Trotz einiger Verbesserungen der allgemeinen Situation im Kosovo seien Leben und grundlegende Freiheiten von Personen, die nicht albanische Volkszugehörige sind, bedroht, sagte der UNHCR-Vertreter. Gefahren für die persönliche Sicherheit und eingeschränkte Bewegungsfreiheit verhinderten immer noch den gleichberechtigten Zugang ethnischer Minderheiten zu Sozialleistungen, Gesundheitsversorgung, Bildung und Arbeitsmöglichkeiten. "Eine Rückkehr von Minderheiten sollte nur auf strikt freiwilliger Basis erfolgen und durch Hilfsmaßnahmen unterstützt werden", forderte Berglund.

Minderheitenangehörige dürfen auch nicht darauf verwiesen werden, außerhalb des Kosovo in anderen Teilen der Bundesrepublik Jugoslawien leben zu müssen, forderten amnesty international, die Gesellschaft für bedrohte Völker, Pro Asyl und das Raphaels-Werk. Durch die große Zahl von Flüchtlingen aus Kroatien und Bosnien sowie von Binnenvertriebenen aus dem Kosovo gebe es keine Aufnahmekapazitäten in Serbien und Montenegro. Vom weitgehenden Zusammenbruch sozialer Strukturen in Jugoslawien seien Angehörige von Minderheiten, die zu den verwundbarsten Teilen der Bevölkerung gehörten und massiv diskriminiert würden, am stärksten betroffen.

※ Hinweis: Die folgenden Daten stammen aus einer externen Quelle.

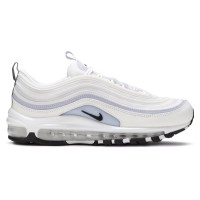 Nike Air Max 97 "Ghost" CZ6087-102 - Sleek White Sneakers with Soft Lavender Accents for a Fresh Look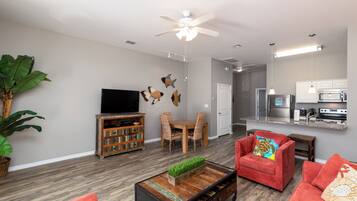 Televisión, reproductor de DVD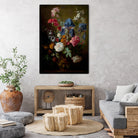 Demure Dutch Floral I by Jan Van Huysum on GIANT ART - botanical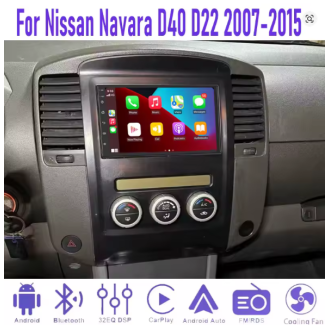 Autoradio 7", Android 13, 2Go, Bluetooth, Wifi, Carplay,...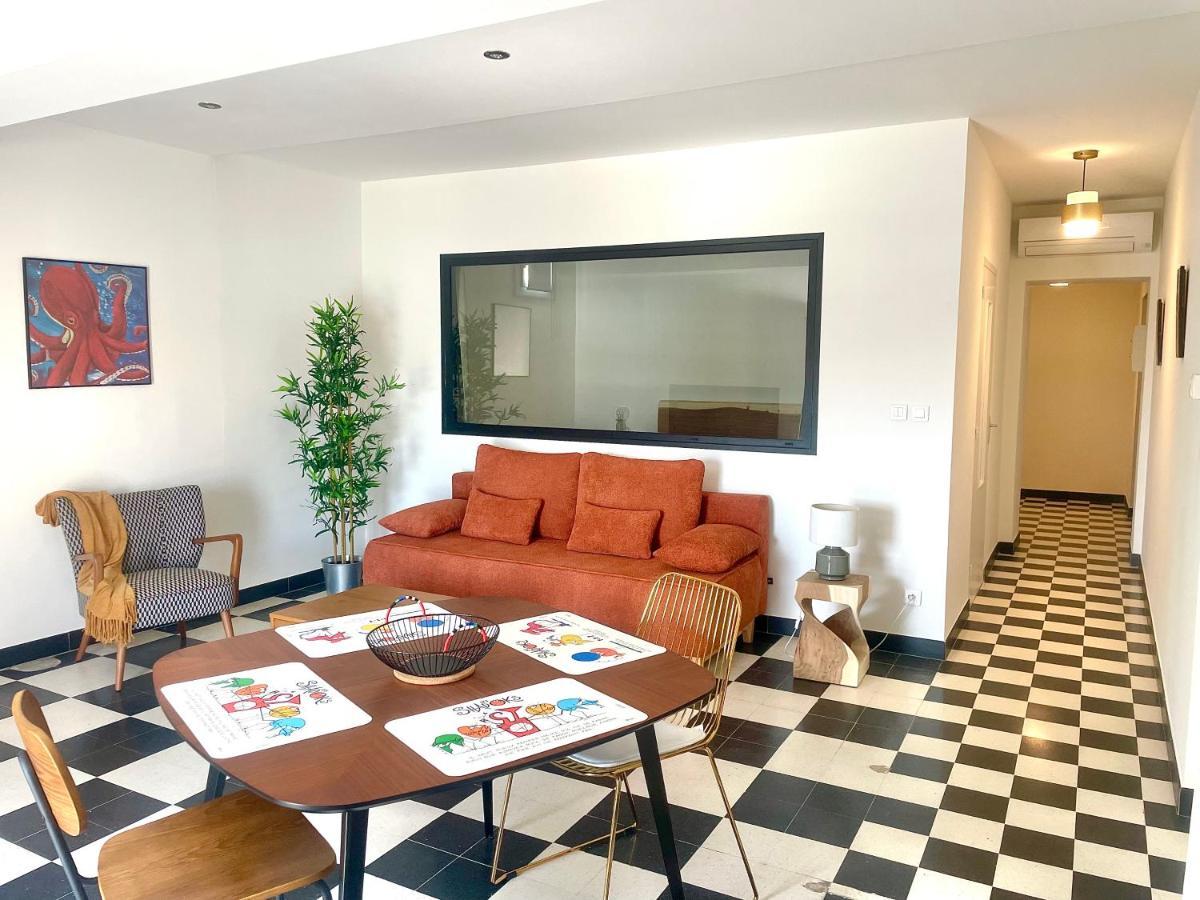 Appartement Avec Vue Sur Le Port Sète Kültér fotó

Unklar sei, wie viele Personen von den Beschlüssen der Innenministerkonferenz betroffen wären. Nach Informationen aus dem Bundesinnenministerium sollen 10.000 bis 35.000 Betroffene auf der Basis von Ländererlassen mit einer Duldung in Deutschland leben. Darüber hinaus befänden sich mehr als 25.000 Personen im Asylverfahren vor dem Bundesamt für die Anerkennung ausländischer Flüchtlinge. Soweit von Flüchtlingsorganisationen Zahlen von weit über 100.000 von Abschiebung Bedrohten genannt werden, dürfe dies daher rühren, dass zu den Minderheitenangehörigen aus dem Kosovo diejenigen aus Serbien und Montenegro dazugezählt werden. Insgesamt dürften sich über 170.000 ausreisepflichtige Personen aus der Bundesrepublik Jugoslawien in der Bundesrepublik aufhalten. Wie viele davon Minderheitenangehörige sind, ist unklar.

Heftig kritisiert wird von Seiten der Flüchtlingsorganisationen die Entscheidungspraxis des Bundesamtes für die Anerkennung ausländischer Flüchtlinge. Die Tatsache, dass viele Minderheitenangehörige in enklavenähnlicher Situation lebten, an der Bewegungsfreiheit sowie dem Zugang zum Arbeitsmarkt gehindert seien und unter militärischem Schutz lebten, werde bagatellisiert. Zitat aus einem Ablehnungsbescheid des Bundesamtes: "In Enklaven finden sie eine ausreichend sichere Lebensgrundlage. Im übrigen ist es zumutbar, sich unter die Obhut der KFOR zu stellen."

Auch UNMIK, die UN-Verwaltung für das Kosovo, ist allerdings der Auffassung, dass die Bedingungen für eine zwangsweise Rückführung von Minderheiten noch nicht gegeben sind.